By Ellis Anderson //
When a friend called Wayne Gouguet with the news that a side-hall cottage was for sale in Old Town Bay St. Louis, he grabbed his crutches and made the drive from Picayune on the spot. Although he was hobbling because of an injury, Wayne had worked in real estate for years and knew procrastination is an enemy.
He and his wife, Marilyn, had been looking for a small historic home to remodel, and his friend’s enthusiastic description — “it’s a beautiful cottage!” — provided all the motivation needed. The cottage was not beautiful. In fact, it was a mess. So was the town.

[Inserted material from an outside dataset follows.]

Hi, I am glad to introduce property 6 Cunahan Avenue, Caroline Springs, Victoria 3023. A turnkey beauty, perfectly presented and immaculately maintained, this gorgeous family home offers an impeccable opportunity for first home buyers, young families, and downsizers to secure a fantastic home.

Only two years had passed since Katrina’s unprecedented destruction. The city’s entire infrastructure was undergoing a messy overhaul, and in 2007, it seemed that every street in Bay St. Louis was made of mud. Many streets were lined with empty lots, abandoned buildings and FEMA trailers. St. George, a narrow lane running through the heart of Old Town, had its own share of sad scenery. The little side-hall cottage was one among many of the sad scenes.
But 303 St. George possessed something many others did not: good bones. The original house, built in 1890, is one of the few side-hall cottages in Bay St. Louis. Wayne and Marilyn recognized what it could become with time and vision and work.

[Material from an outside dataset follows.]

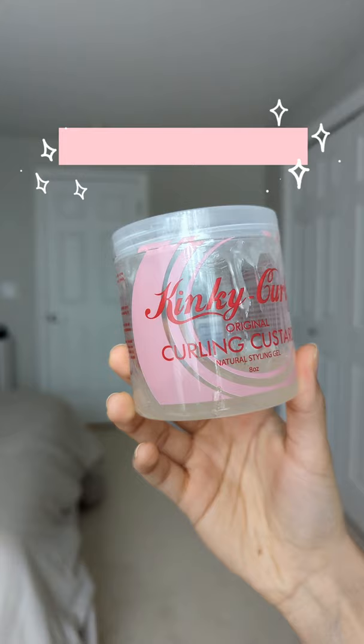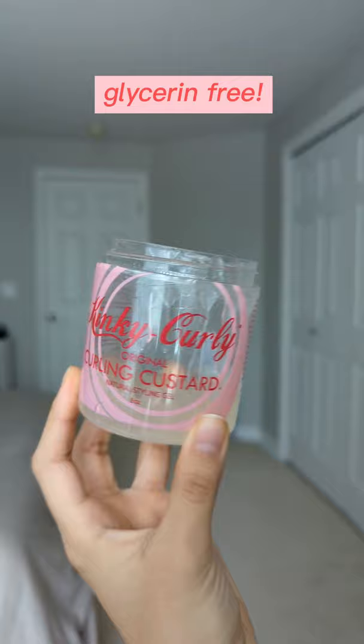Next is the Kinky Curly Custard. It has a very thick jelly consistency that gives great shine, definition, and hold with lots of good botanical ingredients.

The couple has lots of practice with restoration. Soon after they married in 1980, they tackled the makeover of a 1920s bungalow in Picayune. Although they eventually sold it and moved into a contemporary home they built, the passion for historic housing never faded.
So they purchased the gutted cottage on St. George and spent the next two years working on its restoration. Since the couple live full time in Picayune where Wayne is a city councilman (in addition to working as a contractor) and Marilyn is a private-practice therapist, they commuted weekends to work on the house. Wayne handled the construction end of the renovation, while Marilyn oversaw the interior design.

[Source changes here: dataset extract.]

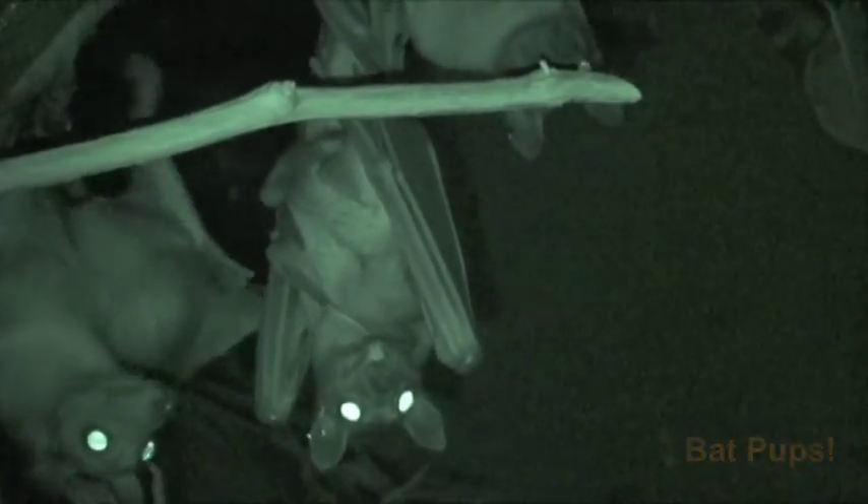We do have a few bat pups — this one right here is staring at me. You generally have one bat pup and they hang upside down and cling to the mother. There's one with a bat pup right there.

Just months after the purchase, the Gouguets were thrilled to learn that their cottage was included in the boundaries of the newly formed Bay St. Louis Historic District. It was created by the city council in April 2007 after an overwhelming number of property owners voted to establish one.
“Some people don’t realize what a positive impact being in a historic district has on property values,” says Wayne. “We knew that Bay St. Louis was going to come back with a vengeance.” Mississippi Department of Archives and History (MDAH) had a hand in the restoration too, helping out with grant funding and architectural oversight.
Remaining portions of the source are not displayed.